The above indexing is written using pointer arithmetic

The only difference is the notation, using * rather than []

Traversal by pointer

int const SIZE = 5;
int array[ SIZE ] = { 1, 2, 3, 4, 5 };

for( int *p = array;
		p < array + SIZE; ++p )
	cout << *p << endl;
  1. Walk a pointer across the array elements
  2. To get an element, dereference the pointer

C-style strings

Strings in basic C are an array of characters.

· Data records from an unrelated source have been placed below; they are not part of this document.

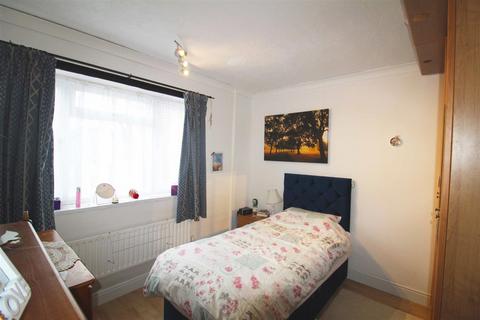 12 Radcliffe Gardens, Carshalton, SM5 4PF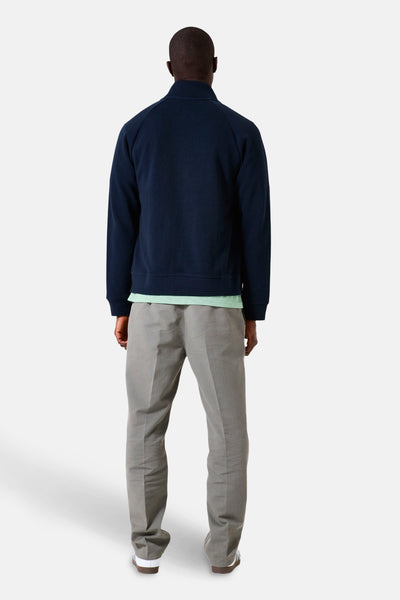 Gilet bleu de GARCIA, porté avec un pantalon gris clair et un t-shirt vert clair, vue de dos.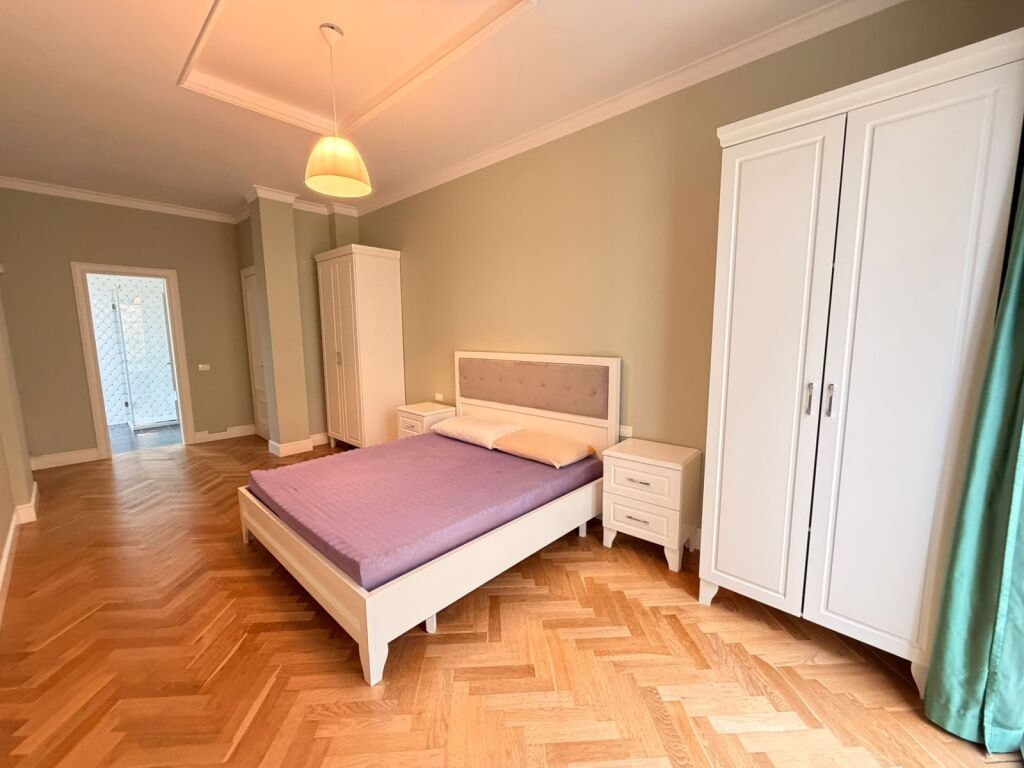 VILLA CON PISCINA IN AFFITTO AL LAGO ASCIUTTO !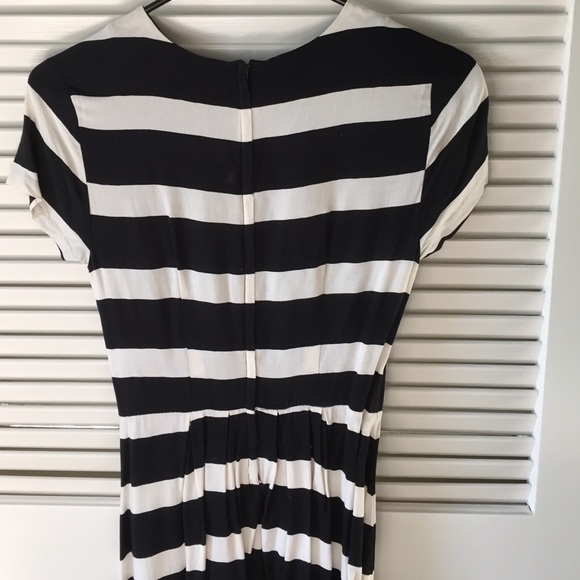 Striped H&M dress - Picture 3 of 3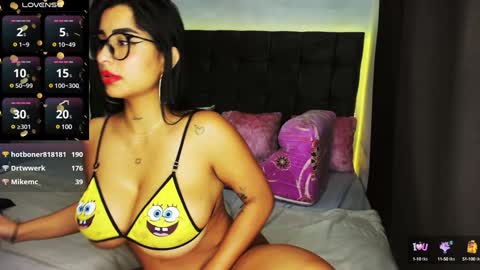 lovely violet13 online show from January 27, 2025, 8:39 pm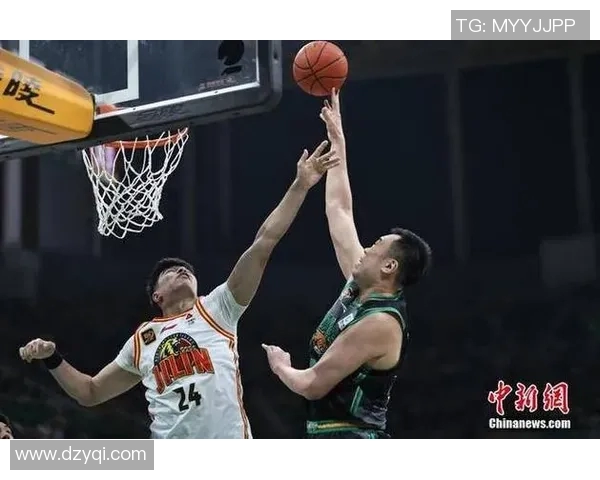 2015年CBA季后赛辽宁队对阵广东队的精彩对决回顾与分析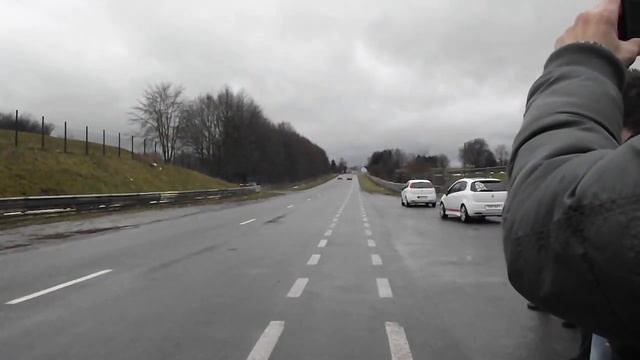 Ford Fiesta ST - Alfa romeo 156 Ti ( JTD ) смотреть онлайн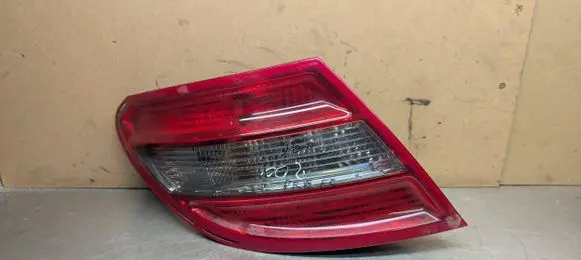 Mercedes-Benz C W204 Rear/tail lights 2048202964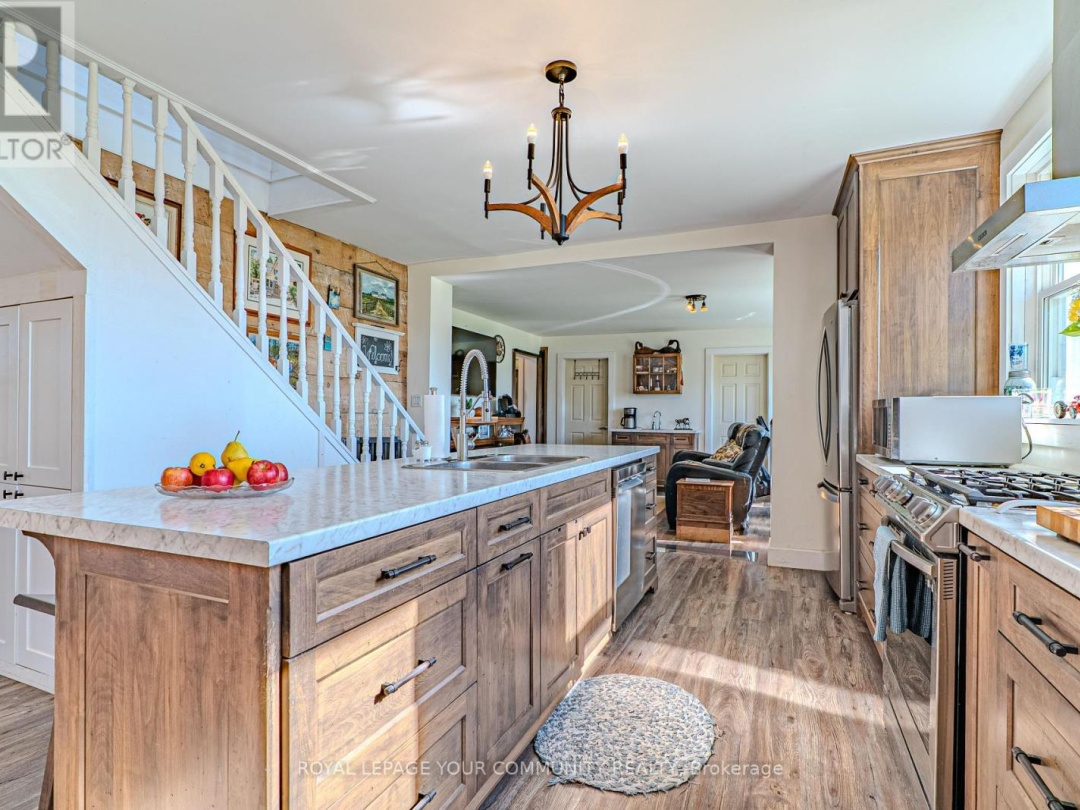 3752 HWY 35 HIGHWAY,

A sentinel null character marks the end of the string.

The below are equivalent:

char s[ 6 ] = { 'h','e','l','l','o','\0' };

//char s[ ] = "hello";

s is an array of 6 characters, not 5, because there is a null character at the end

A char occupies one byte

Individual characters are encoded in ASCII

sizeof( char ) == 1
char s[ ] = "hello";

const keyword

const T *p;		// T, the object p points to,
			// cannot be changed.
T *const p;		// The pointer p cannot be
			// changed
const T *const p;	// Neither T nor p can be changed

T is the type

Using const keyword, you can tell the compiler that you do not intend ot change either or both:

  1. The value of the pointer
  2. The value of the object to which the pointer points

More C-strings

const char *p = "hello";

If you declare a pointer to a const char, the compiler puts it somewhere special, and you just get a pointer to it. you're not allowed to change it.

char str[ ] = "hello";
cout << str << endl;

You can print out C-style strings

C-style strings C++ strings
Libary header <cstrings> <string>
Declaration char cstr[ ];
char *cstr;
string str;
Length strlen( cstr ); str.length( );
Copy value strcpy( cstr1, cstr2 ); str1 = str2;
Indexing cout << cstr[ i ]; cout << str[ i ];
Concatenate strcat( cstr1, cstr2 ); str1 += str2
Compare strcmp( cstr1, cstr2 ); str1 == str2

string to C-style string: char *str = str.c_str( );

C-style string to string: string str = string( cstr );

Comparing strings

C-style strings

There are no built-in string operators. You can compare pointers or what a pointer points at.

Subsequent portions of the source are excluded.